◆ Information provided:
%%

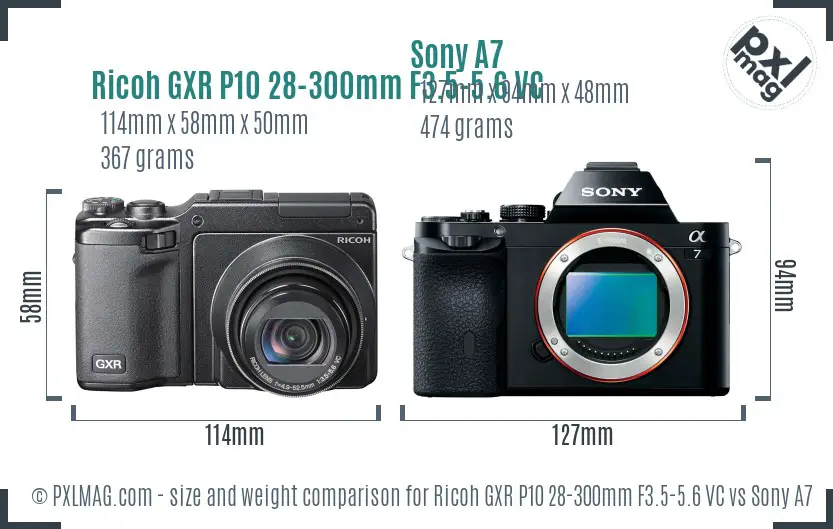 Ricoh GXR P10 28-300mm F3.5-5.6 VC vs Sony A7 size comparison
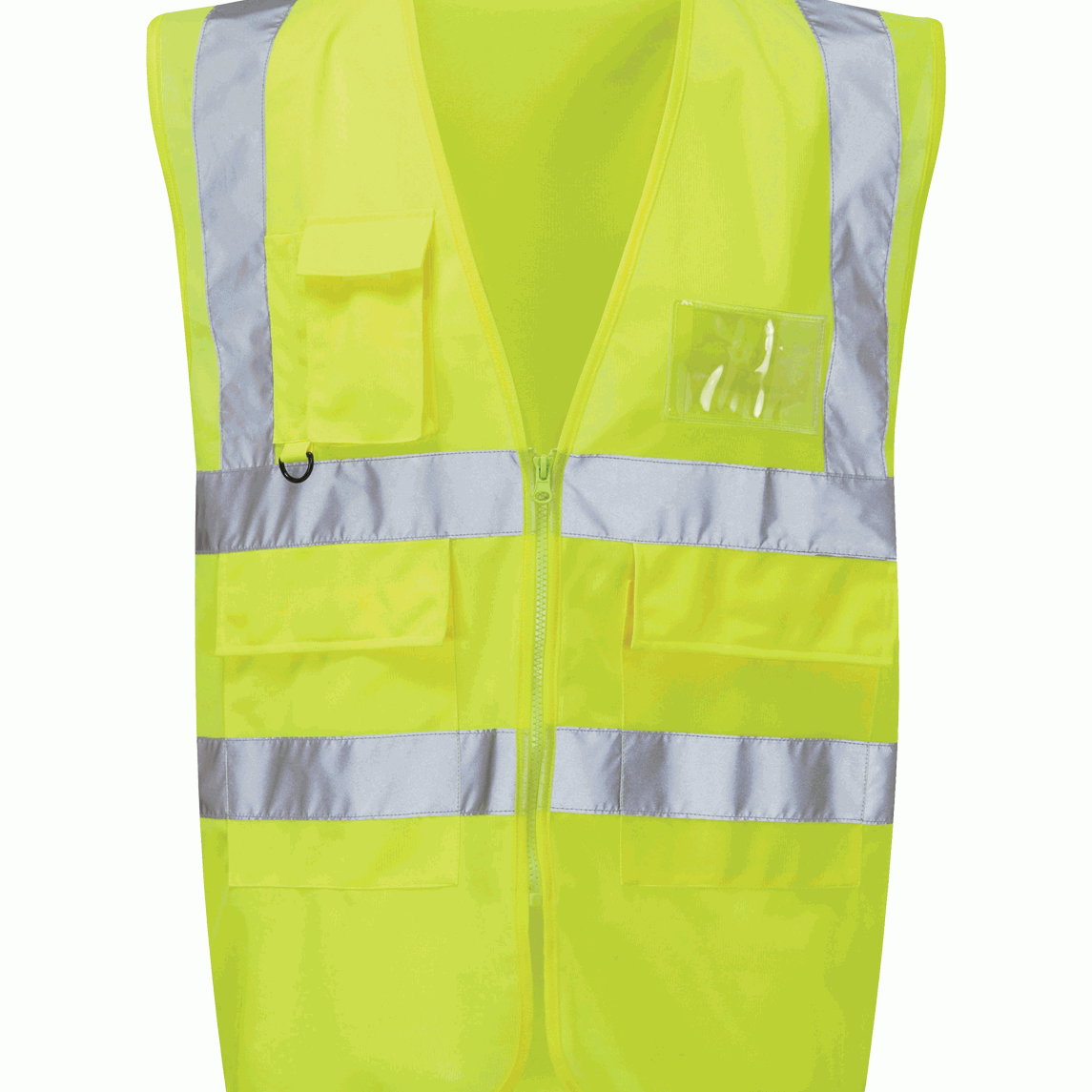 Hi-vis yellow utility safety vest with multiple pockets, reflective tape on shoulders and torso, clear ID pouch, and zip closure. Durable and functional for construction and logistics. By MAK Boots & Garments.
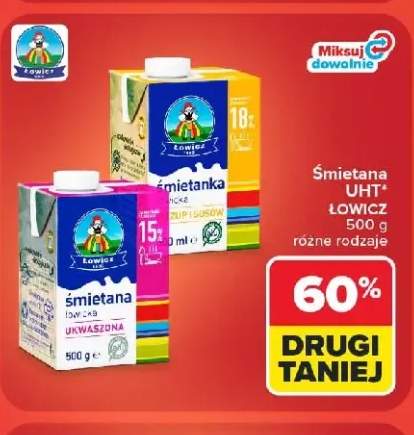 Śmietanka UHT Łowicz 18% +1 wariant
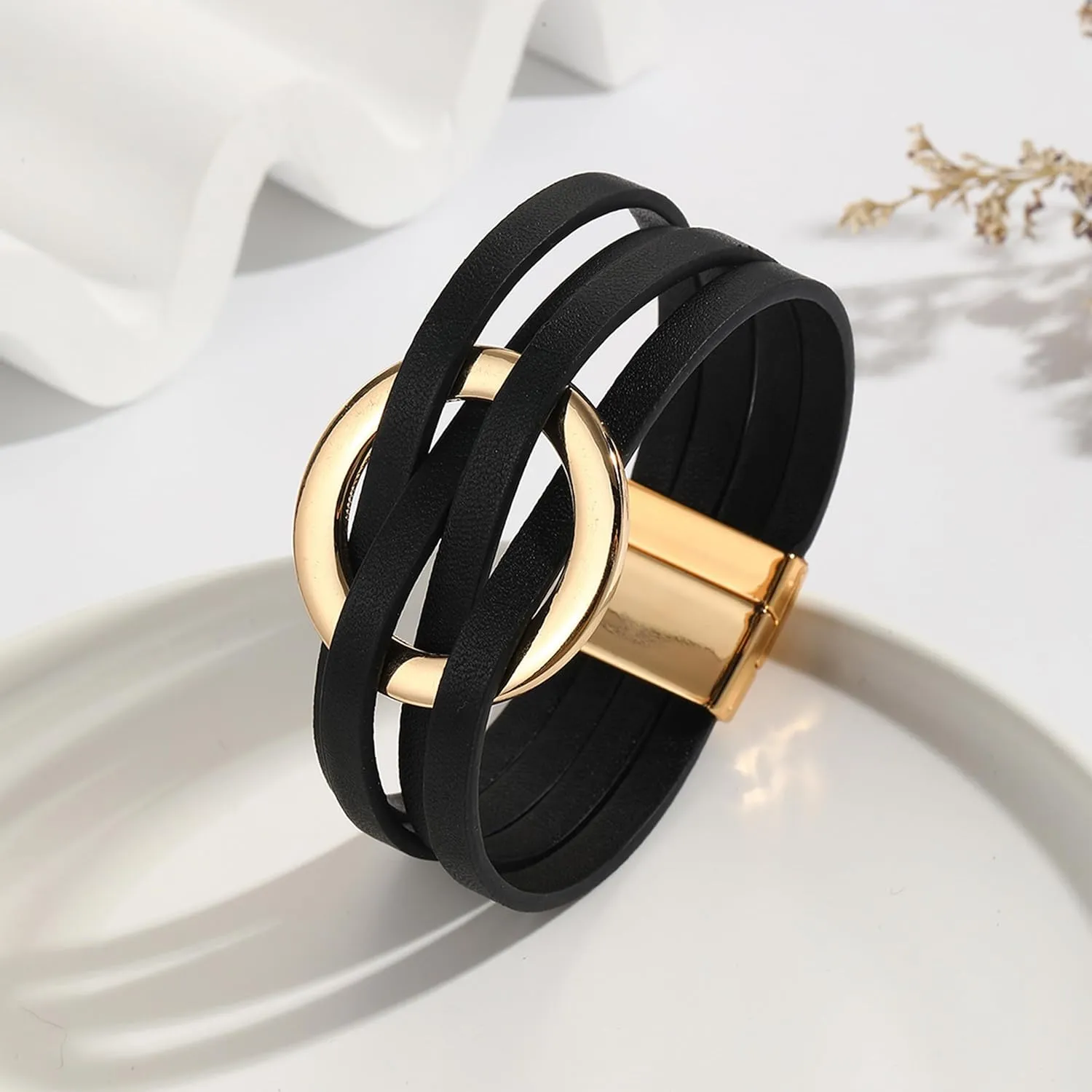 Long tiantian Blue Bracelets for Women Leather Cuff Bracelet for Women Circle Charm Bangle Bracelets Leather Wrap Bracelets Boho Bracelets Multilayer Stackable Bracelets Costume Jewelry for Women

%%

Copy the data word for word and omit every picture.

 Ricoh GXR P10 28-300mm F3.5-5.6 VC vs Sony A7 size comparison
 Hi-vis yellow utility safety vest with multiple pockets, reflective tape on shoulders and torso, clear ID pouch, and zip closure. Durable and functional for construction and logistics. By MAK Boots & Garments.
 Śmietanka UHT Łowicz 18% +1 wariant
 Long tiantian Blue Bracelets for Women Leather Cuff Bracelet for Women Circle Charm Bangle Bracelets Leather Wrap Bracelets Boho Bracelets Multilayer Stackable Bracelets Costume Jewelry for Women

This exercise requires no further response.